Tak hanya itu, juga dilakukan pemberian snack, olahraga dan seni, kerja bakti, pemeriksaan kesehatan yang dilakukan oleh dokter atau perawat, serta pemberian alat kebersihan diri.

“Untuk bimbingan keterampilan, kegiatan ini ditujukan untuk menumbuhkan dan mengembangkan bakat serta keterampilan klien, sehingga setelah keluar mereka memiliki keterampilan yang dapat menunjang kehidupan mereka. Jenis keterampilan yang diberikan adalah keterampilan tata rias dan menjahit dengan frekuensi bimbingan setiap hari empat jam latihan dan dilatih oleh instruktur dari instansi terkait maupun swasta,” beber Hadeli.

Pelatihan menjahit bagi peserta bimbingan mental, sosial, dan pelatihan keterampilan di UPTD-PSAR Dinsos Sultra/Ist

Sementara itu, Kepala Urusan Tata Usaha (KTU) UPTD-PSAR, Zulkarnain Rifai menambahkan ada dua jenis target pelayanan sosial yang dilakukan dalam panti sosial tersebut.

Pertama, pelayanan sosial terhadap anak yatim, piatu, yatim piatu, dan remaja putus sekolah dari keluarga tidak mampu yang biasanya disebut anak asuh. Kedua, pelayanan sosial terhadap remaja peserta bimbingan mental, sosial, dan pelatihan keterampilan,

“Mereka ini selama empat bulan akan dibekali keterampilan,” ujar Zulkarnain.

Dalam memberikan pelayanan kepada anak yatim, piatu, yatim piatu, dan remaja putus sekolah dari keluarga tidak mampu terdapat sejumlah kriteria yang harus dipenuhi.

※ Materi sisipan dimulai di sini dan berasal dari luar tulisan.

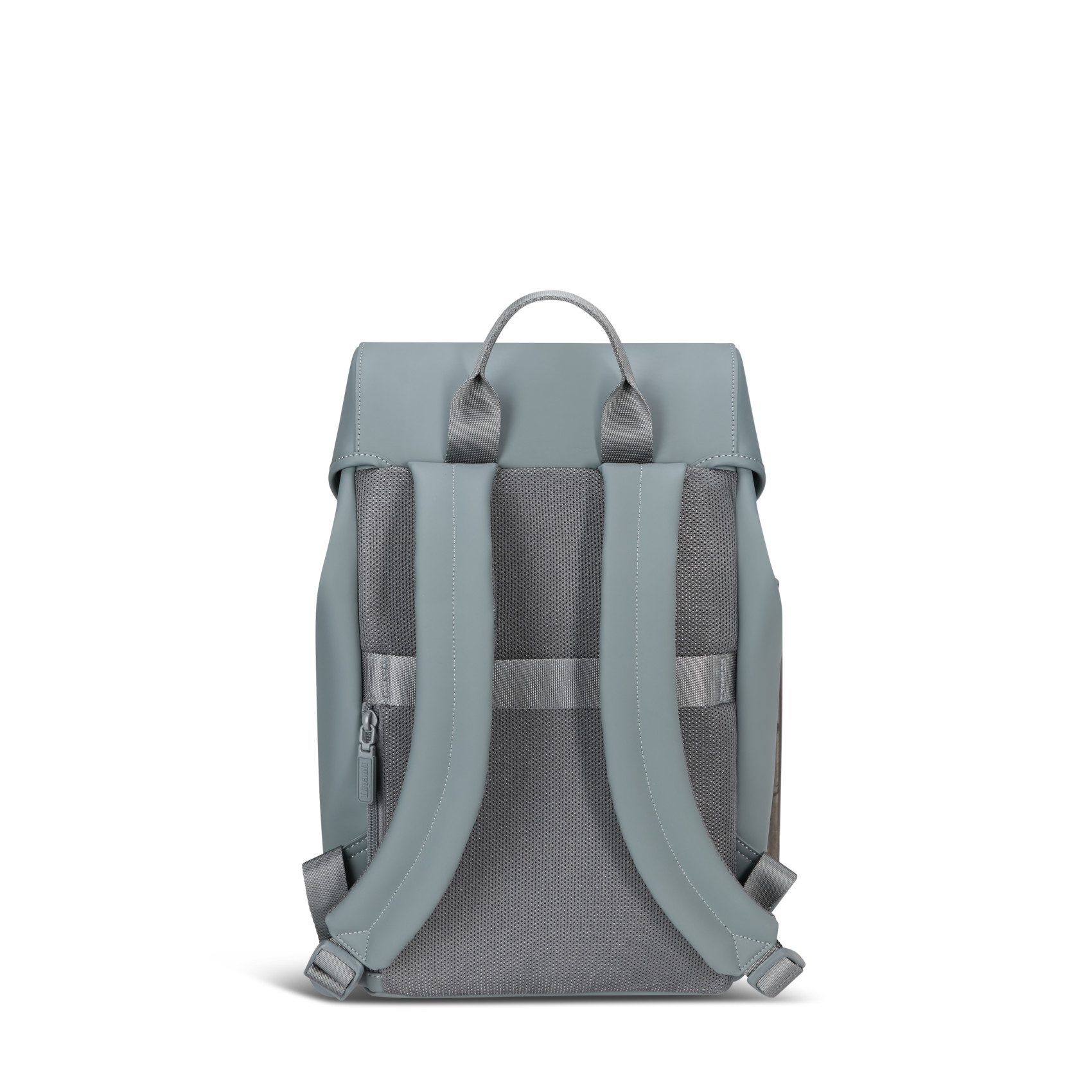 Lost in Berlin mini Exile backpack size S LIPAULT Grey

“Baik Laki-laki atau perempuan, berusia 7–18 tahun, anak yatim, piatu, yatim piatu dan terlantar, anak yang keluarganya tidak mampu secara ekonomi dalam waktu relatif lama tidak mampu melaksanakan fungsinya secara wajar, anak yang keluarganya terdaftar dalam Data Terpadu Kesejahteraan Sosial (DTKS), keluarga anak tidak memberikan pengasuhan memadai sekalipun dengan dukungan yang sesuai, mengabaikan dan/atau melepaskan tanggungjawab terhadap anaknya, anak yang keluarganya mengalami perpecahan, anak tidak memiliki keluarga atau keberadaan keluarga tidak diketahui, anak yang menjadi korban kekerasan, perlakuan salah, penelantaran atau eksploitasi, dan anak yang terpisah dari keluarga karena Bencana baik konflik sosial maupun korban bencana alam,” jelasnya.

Sedangkan untuk pelayanan sosial terhadap remaja peserta bimbingan mental, sosial, dan pelatihan keterampilan pun ada kriterianya.

“Diantaranya, laki-laki atau perempuan, umur 17 sampai 22 tahun, berasal dari keluarga tidak mampu atau miskin serta terdaftar dalam DTKS, tamat atau putus sekolah SMP dan SMA/SMK, belum menikah, tidak sedang bekerja, berbadan sehat, tidak sedang mengidap penyakit kronis atau menular, serta tidak dalam proses hukum akibat tindak pidana atau perdata,” pungkasnya.

Adapun jangkauan pelayanan PSAR ini kata Zulkarnain, berasal dari kabupaten/kota se-Sultra seperti Kabupaten Konawe, Konawe Selatan, Konawe Utara, Kolaka, Kolaka Utara, Buton, Buton Utara, Muna, Wakatobi, Bombana, Kota Kendari, dan Baubau.